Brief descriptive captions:
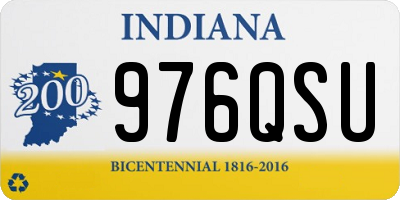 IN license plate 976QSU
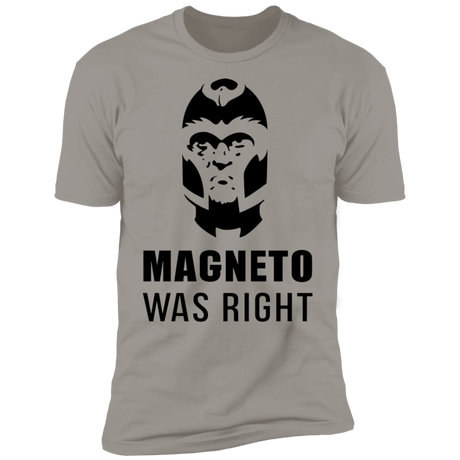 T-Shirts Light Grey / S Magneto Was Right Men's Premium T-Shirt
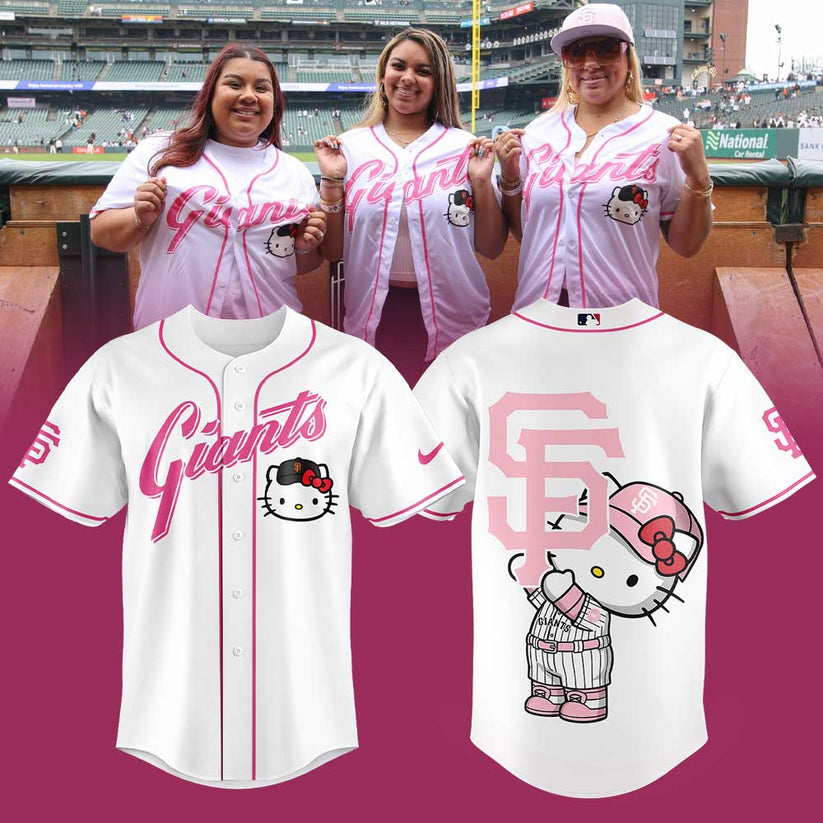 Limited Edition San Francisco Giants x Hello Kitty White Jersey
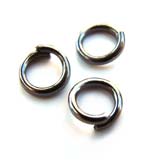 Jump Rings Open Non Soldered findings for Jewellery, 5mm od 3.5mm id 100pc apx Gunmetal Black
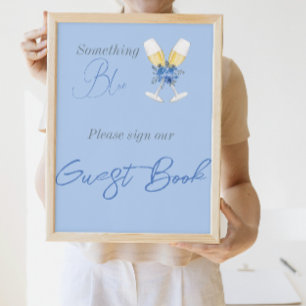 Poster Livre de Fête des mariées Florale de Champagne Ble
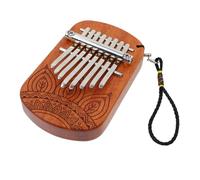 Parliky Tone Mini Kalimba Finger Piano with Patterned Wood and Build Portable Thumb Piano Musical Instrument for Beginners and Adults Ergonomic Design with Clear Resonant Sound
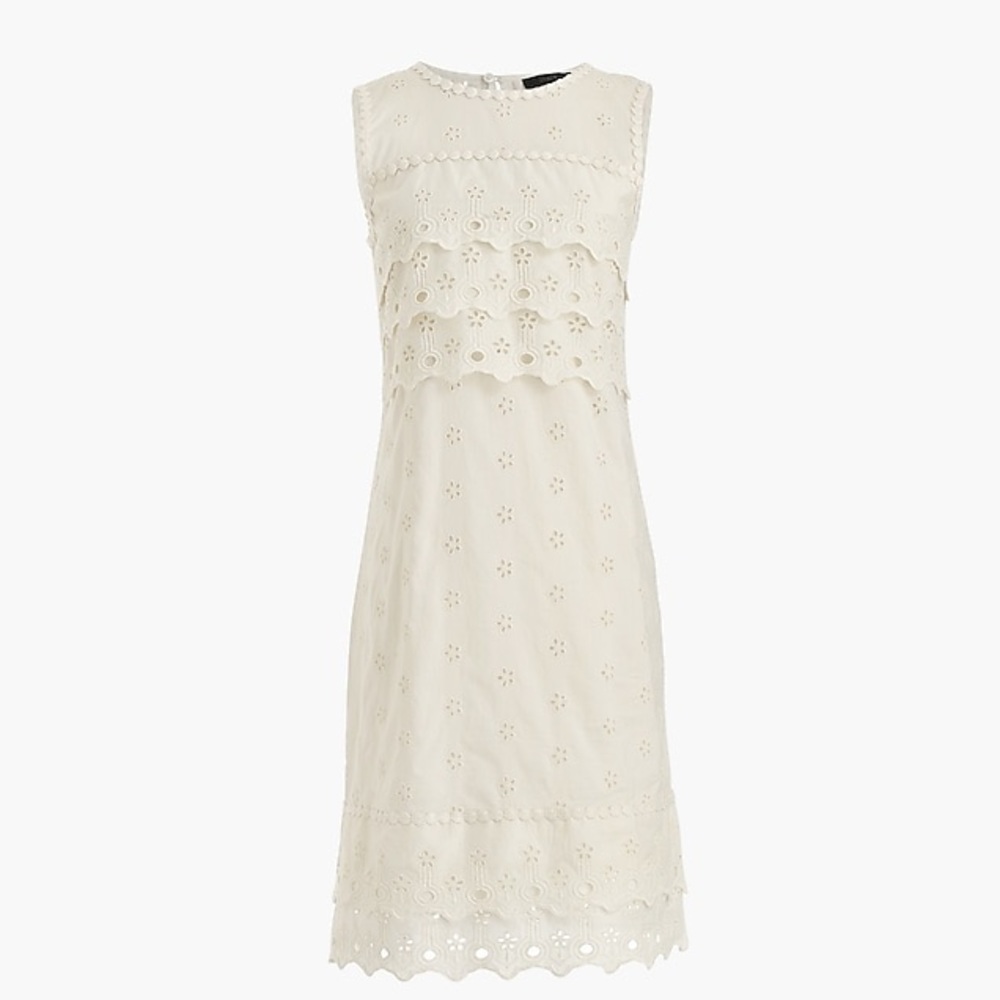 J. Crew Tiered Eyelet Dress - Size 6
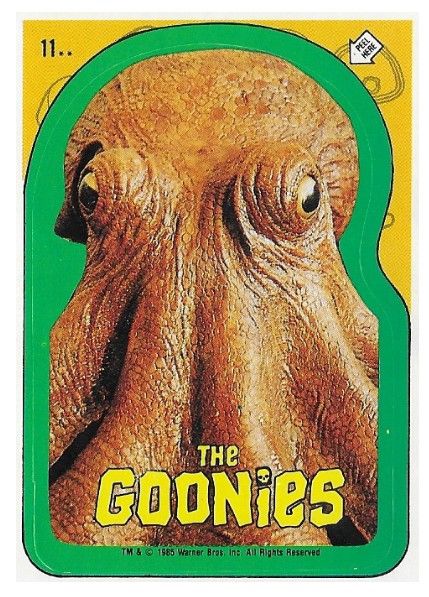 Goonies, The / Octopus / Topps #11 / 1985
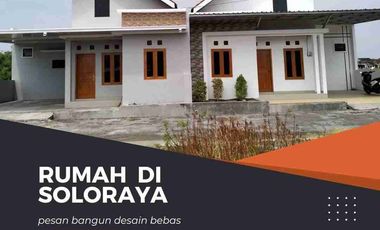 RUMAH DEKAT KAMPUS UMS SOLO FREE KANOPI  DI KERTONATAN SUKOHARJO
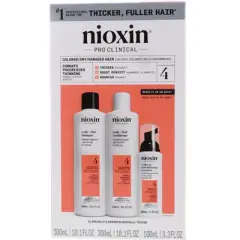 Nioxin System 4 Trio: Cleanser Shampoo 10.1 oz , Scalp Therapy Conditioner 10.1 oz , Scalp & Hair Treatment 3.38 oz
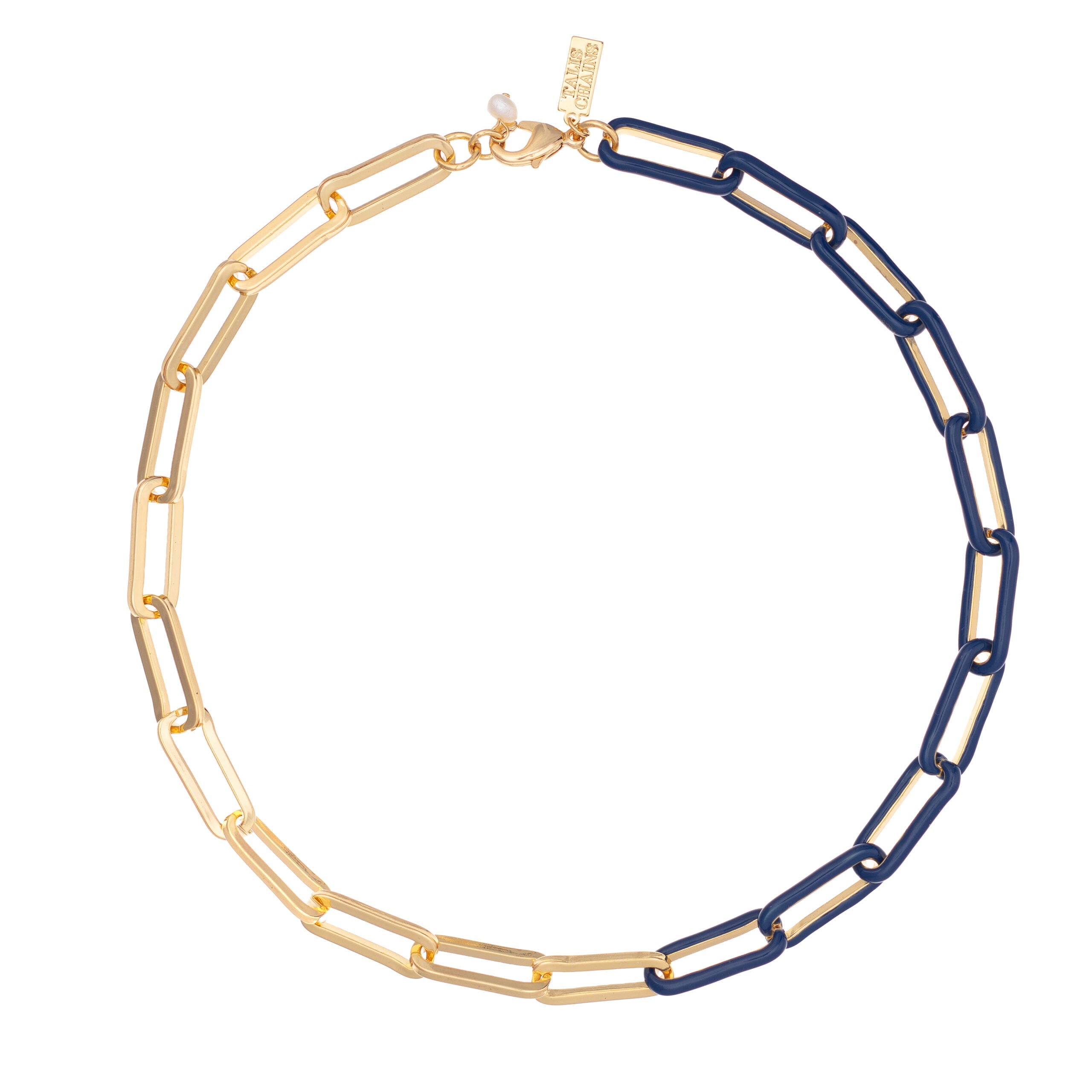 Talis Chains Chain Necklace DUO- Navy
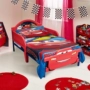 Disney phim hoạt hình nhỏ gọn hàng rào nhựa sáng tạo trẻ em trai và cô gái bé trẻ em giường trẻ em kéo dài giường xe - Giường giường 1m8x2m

▶ **The problem**:
Copy exactly the lines from the first line of the records above through the line with "Poster Livre de", both included, and nothing else. Pictures stay out.

▶ **Written reply**:
 IN license plate 976QSU
 T-Shirts Light Grey / S Magneto Was Right Men's Premium T-Shirt
 Limited Edition San Francisco Giants x Hello Kitty White Jersey
 Jump Rings Open Non Soldered findings for Jewellery, 5mm od 3.5mm id 100pc apx Gunmetal Black
 Poster Livre de Fête des mariées Florale de Champagne Ble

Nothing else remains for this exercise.